The Fed is a “Pickle”
Breaking news: The Wall Street casino created another all-time high for the S&P 500 Index during the week ending February 14. Regular new highs reassure people, but others fear they are symptoms of another Fed inspired bubble.
The “pickle” description is explained below. Stay tuned.
The Federal Reserve is monetizing bonds—directly funding the federal deficit because congress and the administration spend more than their revenues. The coming recession will increase the shortfall, expand debt and force more monetization. Stagflation anyone?
Corporations, individuals and governments can ill afford higher interest rates. Expect the Fed to monetize at low interest rates to fund government expenditures. QE4ever is happening because it must.
What other gambles exist in the Wall Street casino?
- The Fed bets it can monetize via QE4ever and create minimal consumer price inflation. If not, the BLS will massage statistics.
- The Fed bets it can increase its balance sheet, aid hedge funds, feed Wall Street banks, please President Trump, buy off congress, and keep its position of power and influence.
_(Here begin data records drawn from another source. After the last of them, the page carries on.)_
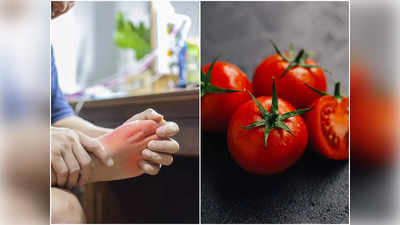 Tomatoes and Uric Acid: ইউরিক অ্যাসিড বেশি থাকলে কি টমেটো খাওয়া উচিত নয়? সত্যি-মিথ্যে জেনে সাবধানে থাকুন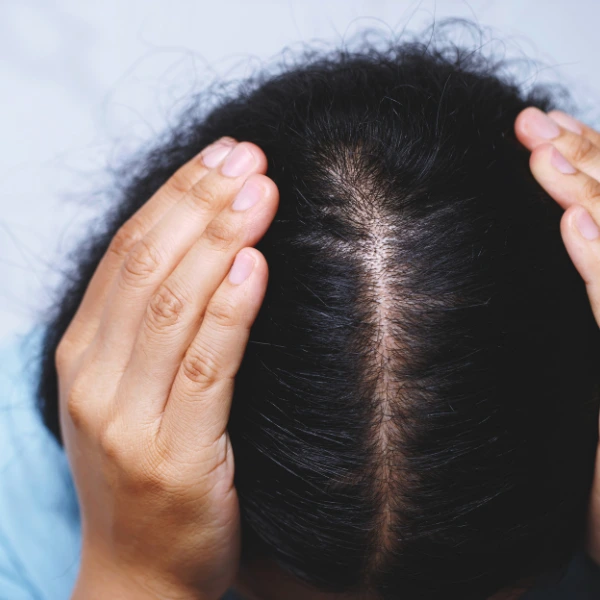 PRP for Hair Loss 1 Regrow stronger, healthier hair with PRP for hair loss at Dua Beauty Cosmetics. Clinically proven, non-surgical treatment by expert specialists in Delhi.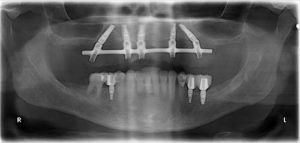 after all on 4 x-ray view female patient case 1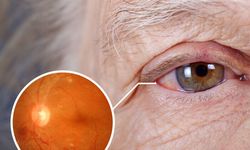 Göz sağlığında gizli tehlike: Glokom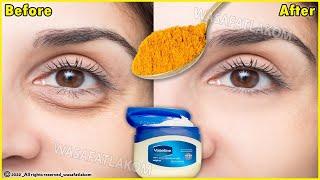 In just 3 days it removes wrinkles and bags under the eyes completely, Dark Circle, Puffy Eyes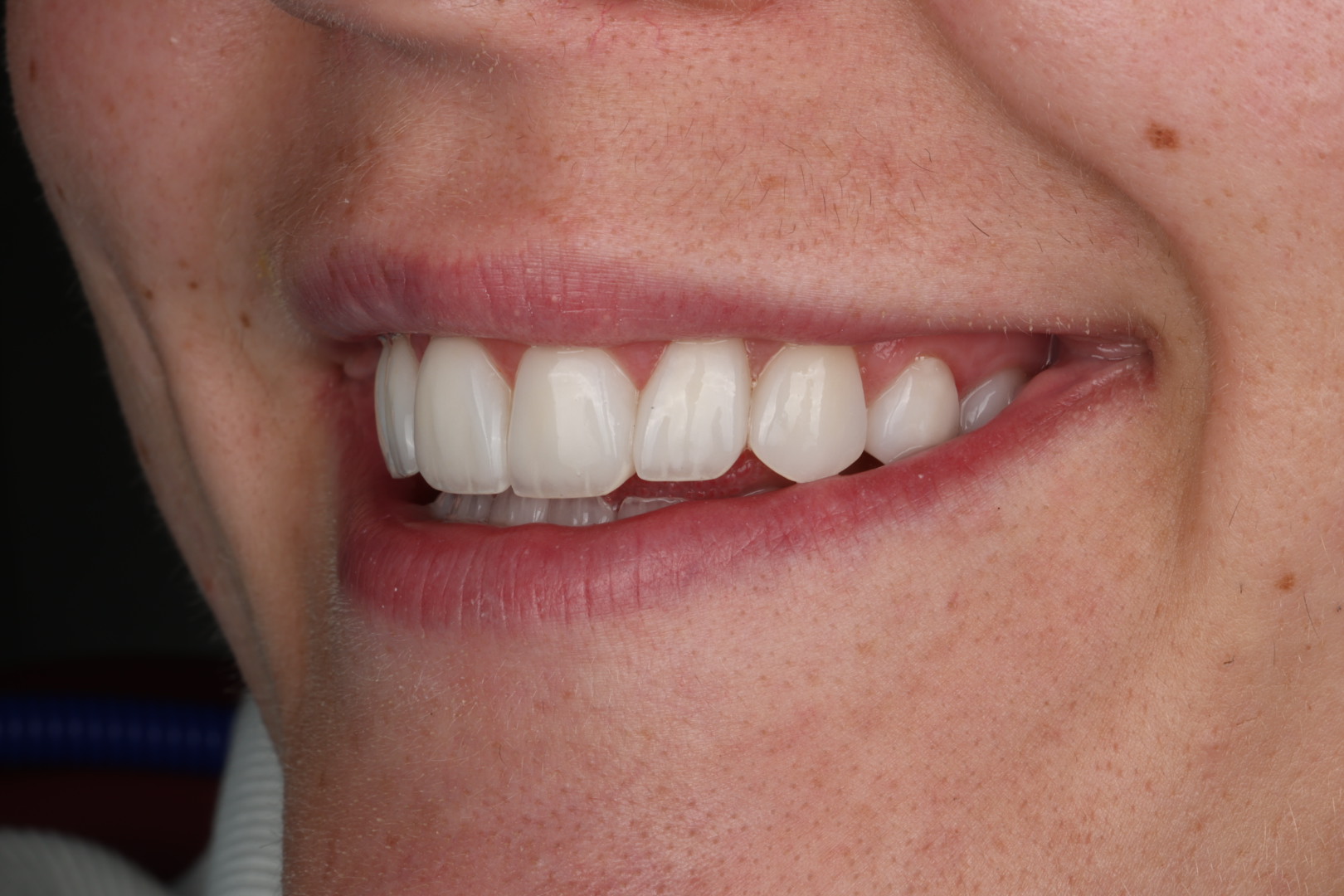 Case 04, after, smile detail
Based on a century of evidence, they can, for a while longer.
- The Fed bets it can levitate the stock market and boost the economy long enough to reelect President Trump in November 2020.
- The Fed “prints” currency units, and those currency units buy congresspersons, presidents, media corporations, the military-industrial-security complex and everyone important. The Fed is betting it will last nearly forever.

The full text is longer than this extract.